> Exercise description
In the entries that follow, find the line containing "Clad Stainless Steel" and the line containing "Dog Raincoat, 4", then retype exactly the lines from the first through the second, pictures excluded.

Dataset entries Start Marker

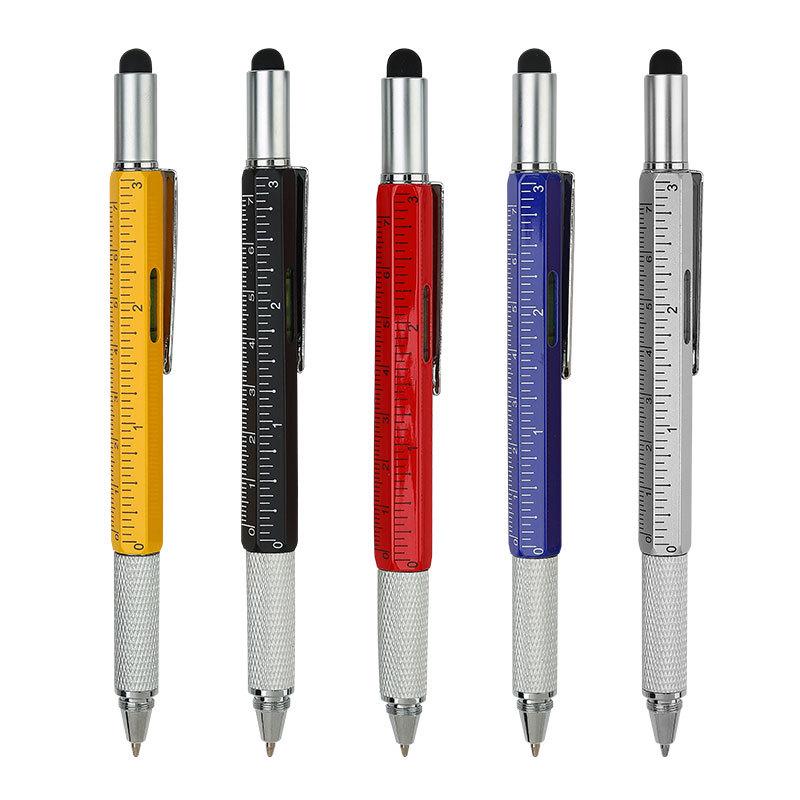 Multifunctional Metal Tool Pen with Level, Scale, Touchscreen Capacitive Tip, and Phillips Screwdriver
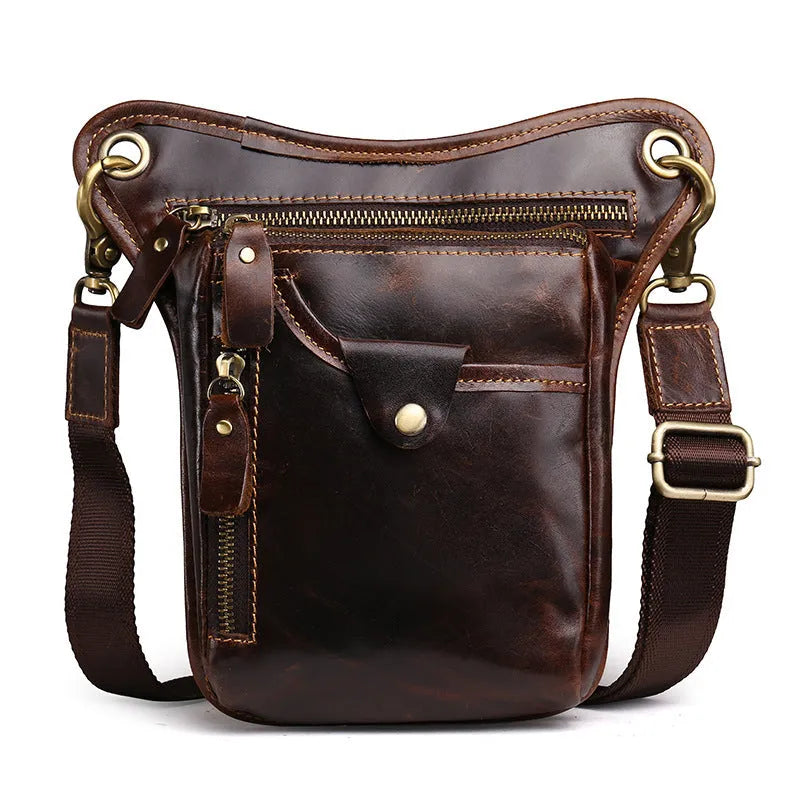 Retro brown crazy horse leather satchel bag for men with flap closure.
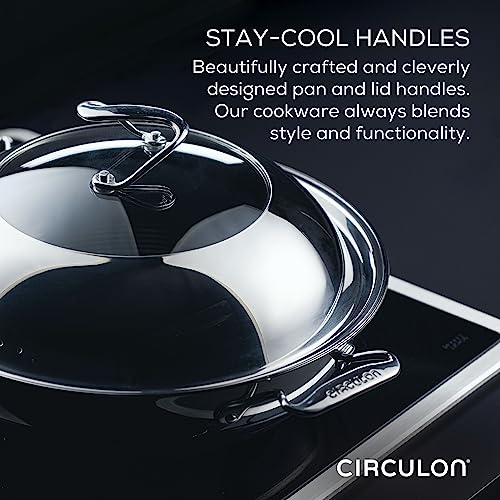 Clad Stainless Steel Induction Frying Pan and Wok Set with Hybrid SteelShield and Nonstick Technology (4 Count)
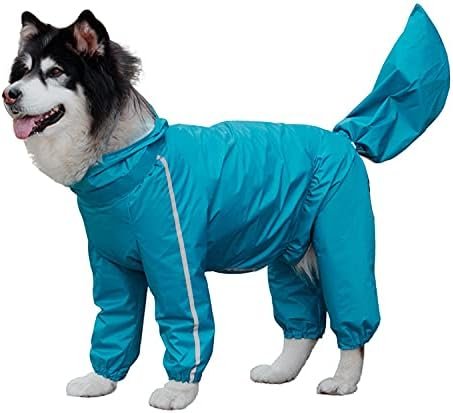 Dog Raincoat, 4 Legs Large Dog Rain Jacket with Reflective Stripe,Dog Hooded Waterproof Raincoats for Big Dogs,Large Breeds Dogs Rain Jackets with Legs,Tail- Male Dog (Yellow,12XL)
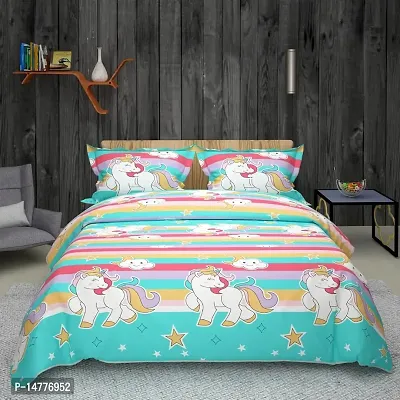 220 TC Kids Printed Cotton Double Bed Bedsheet with Two Pillow Covers_Size-90*90 inch (Unicorn Design)-thumb0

Dataset entries End Marker

> Finished exercise
 Clad Stainless Steel Induction Frying Pan and Wok Set with Hybrid SteelShield and Nonstick Technology (4 Count)
 Dog Raincoat, 4 Legs Large Dog Rain Jacket with Reflective Stripe,Dog Hooded Waterproof Raincoats for Big Dogs,Large Breeds Dogs Rain Jackets with Legs,Tail- Male Dog (Yellow,12XL)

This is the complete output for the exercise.